What you have to do ▸
Skip the images and repeat every entry word for word.

Segment Start: Data to process

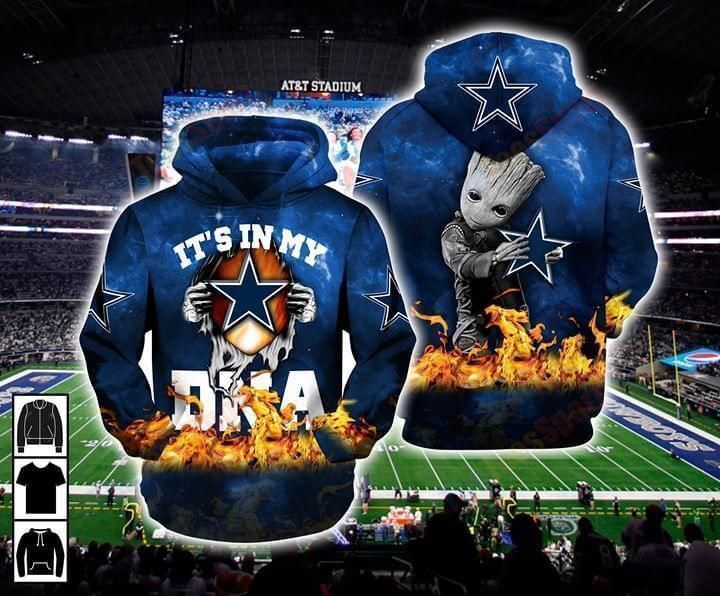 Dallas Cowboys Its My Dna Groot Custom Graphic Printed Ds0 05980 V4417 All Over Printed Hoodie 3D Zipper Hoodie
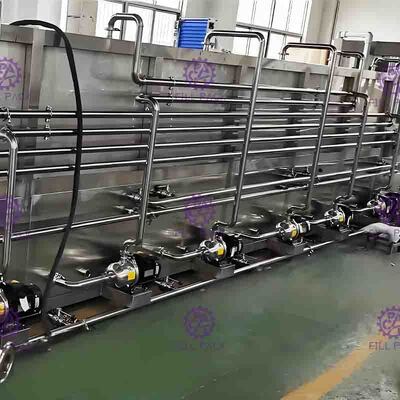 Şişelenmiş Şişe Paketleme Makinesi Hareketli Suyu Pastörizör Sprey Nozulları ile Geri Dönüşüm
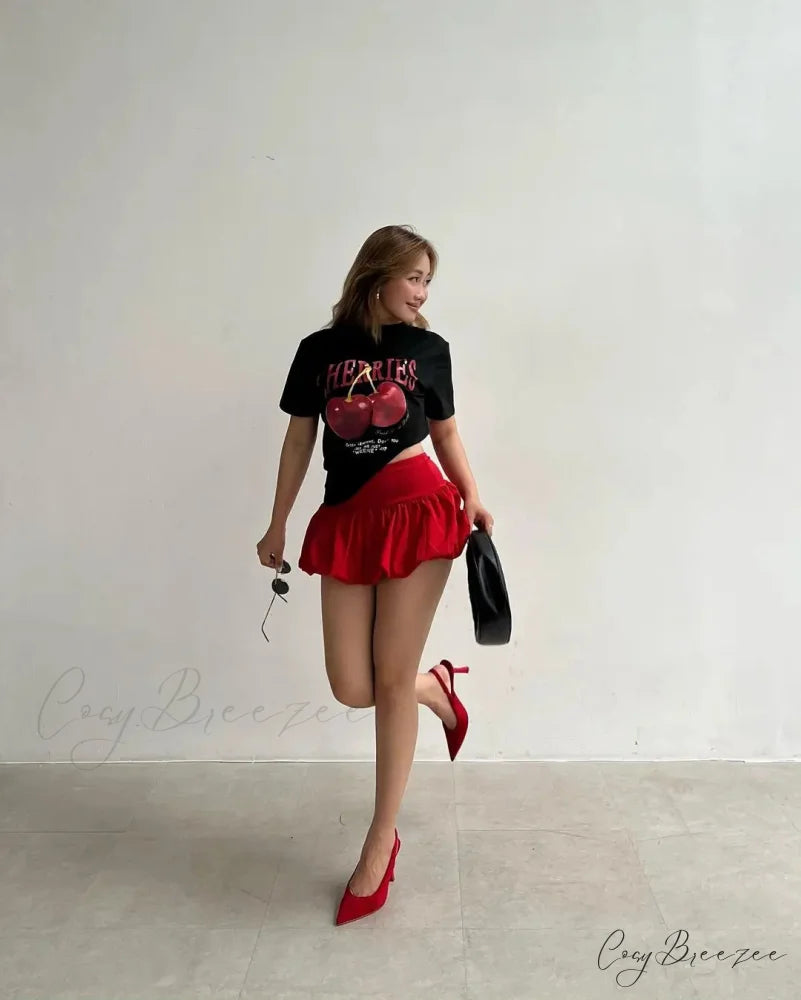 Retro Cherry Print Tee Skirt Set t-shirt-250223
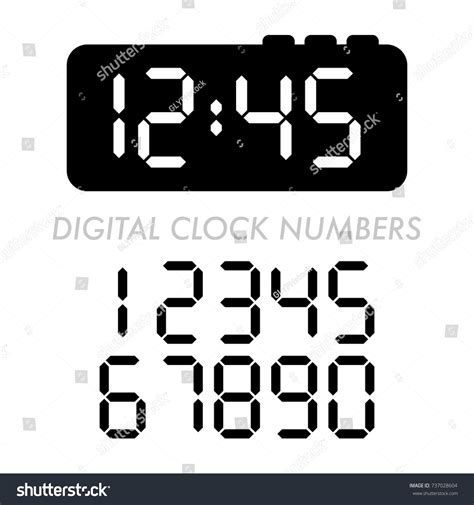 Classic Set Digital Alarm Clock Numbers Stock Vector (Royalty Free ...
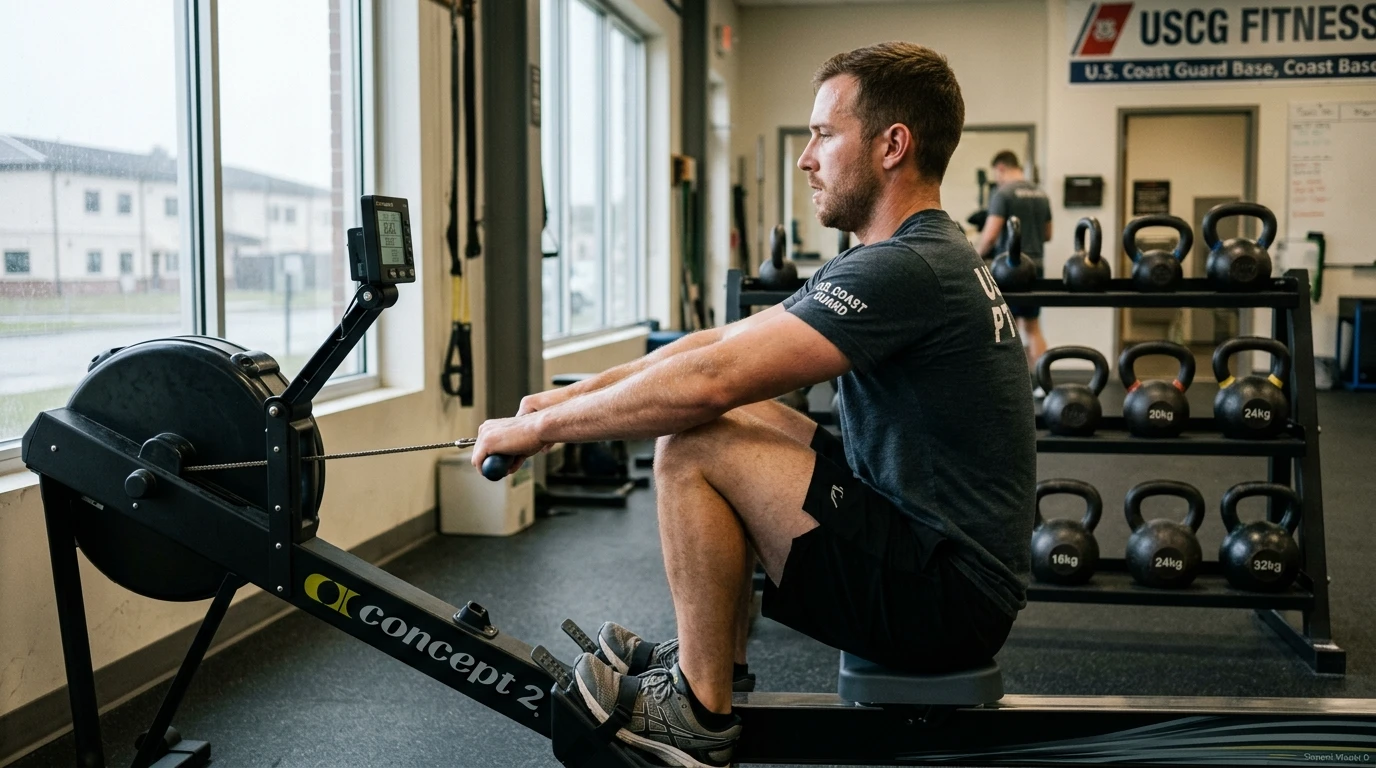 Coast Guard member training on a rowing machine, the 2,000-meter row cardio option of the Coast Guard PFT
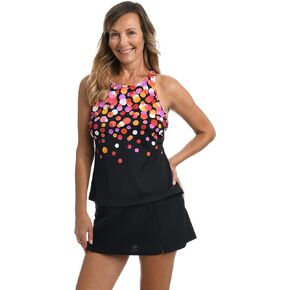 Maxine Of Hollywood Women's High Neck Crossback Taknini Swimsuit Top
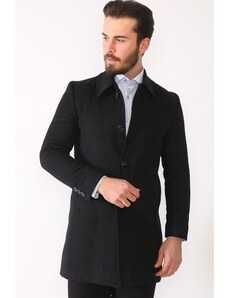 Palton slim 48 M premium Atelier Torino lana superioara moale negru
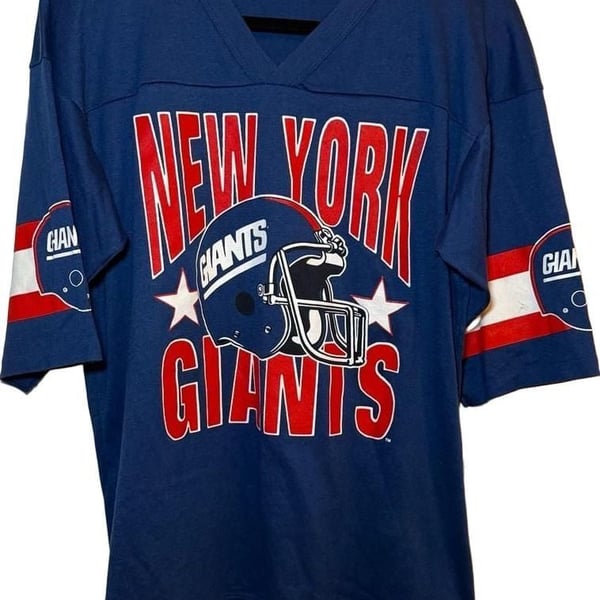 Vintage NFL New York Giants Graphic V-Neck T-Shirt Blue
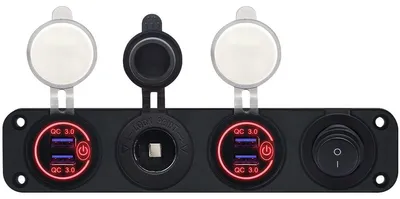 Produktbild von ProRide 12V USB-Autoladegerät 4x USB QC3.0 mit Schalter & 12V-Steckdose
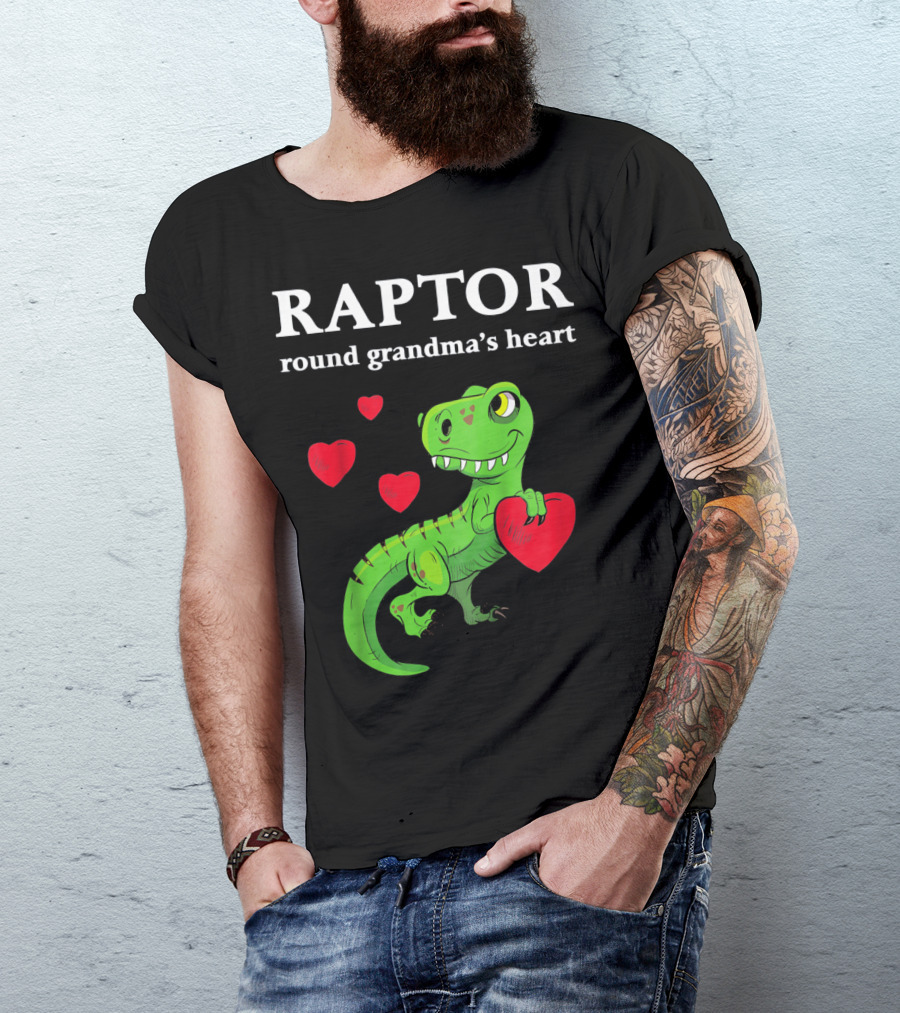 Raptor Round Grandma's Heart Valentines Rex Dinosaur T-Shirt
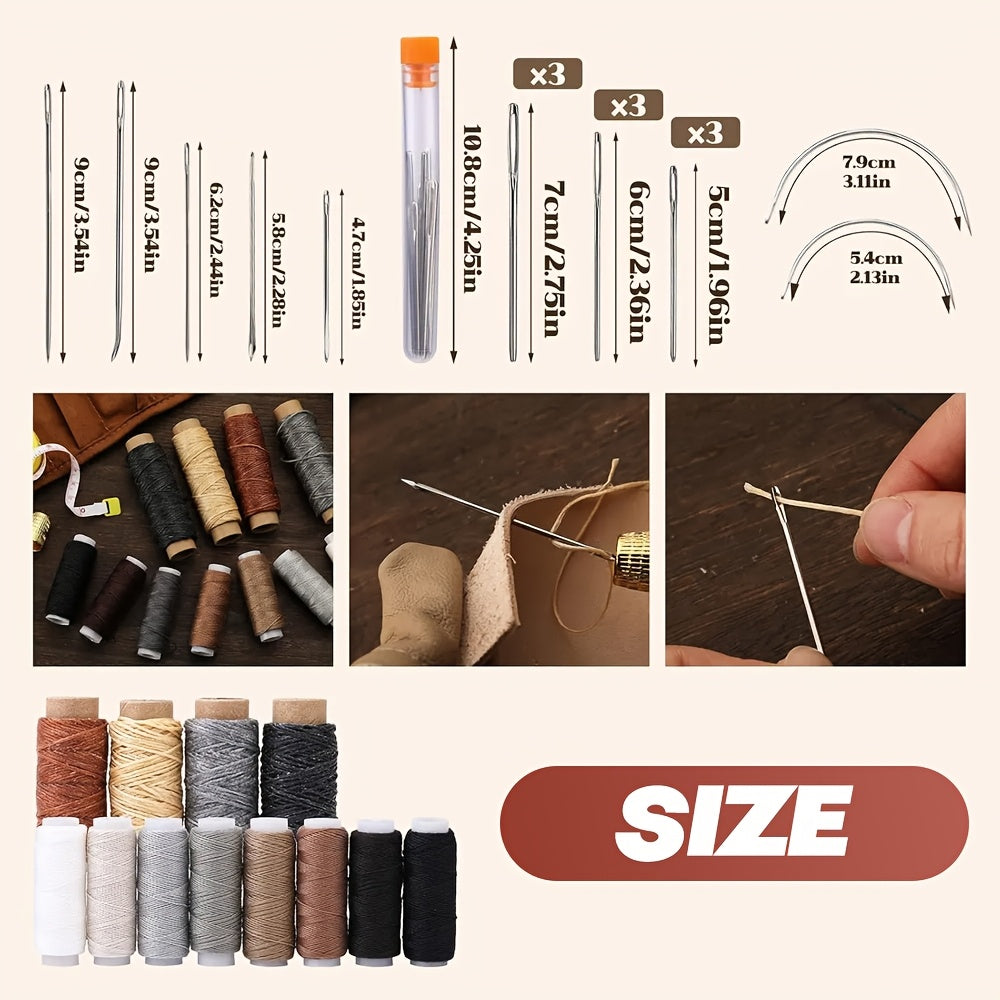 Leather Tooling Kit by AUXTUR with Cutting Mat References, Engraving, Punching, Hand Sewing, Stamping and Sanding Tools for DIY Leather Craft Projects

Segment End: Data to process

Exercise output ▸
 Dallas Cowboys Its My Dna Groot Custom Graphic Printed Ds0 05980 V4417 All Over Printed Hoodie 3D Zipper Hoodie
 Şişelenmiş Şişe Paketleme Makinesi Hareketli Suyu Pastörizör Sprey Nozulları ile Geri Dönüşüm
 Retro Cherry Print Tee Skirt Set t-shirt-250223
 Classic Set Digital Alarm Clock Numbers Stock Vector (Royalty Free ...
 Coast Guard member training on a rowing machine, the 2,000-meter row cardio option of the Coast Guard PFT
 Maxine Of Hollywood Women's High Neck Crossback Taknini Swimsuit Top
 Palton slim 48 M premium Atelier Torino lana superioara moale negru
 Vintage NFL New York Giants Graphic V-Neck T-Shirt Blue
 Produktbild von ProRide 12V USB-Autoladegerät 4x USB QC3.0 mit Schalter & 12V-Steckdose
 Raptor Round Grandma's Heart Valentines Rex Dinosaur T-Shirt
 Leather Tooling Kit by AUXTUR with Cutting Mat References, Engraving, Punching, Hand Sewing, Stamping and Sanding Tools for DIY Leather Craft Projects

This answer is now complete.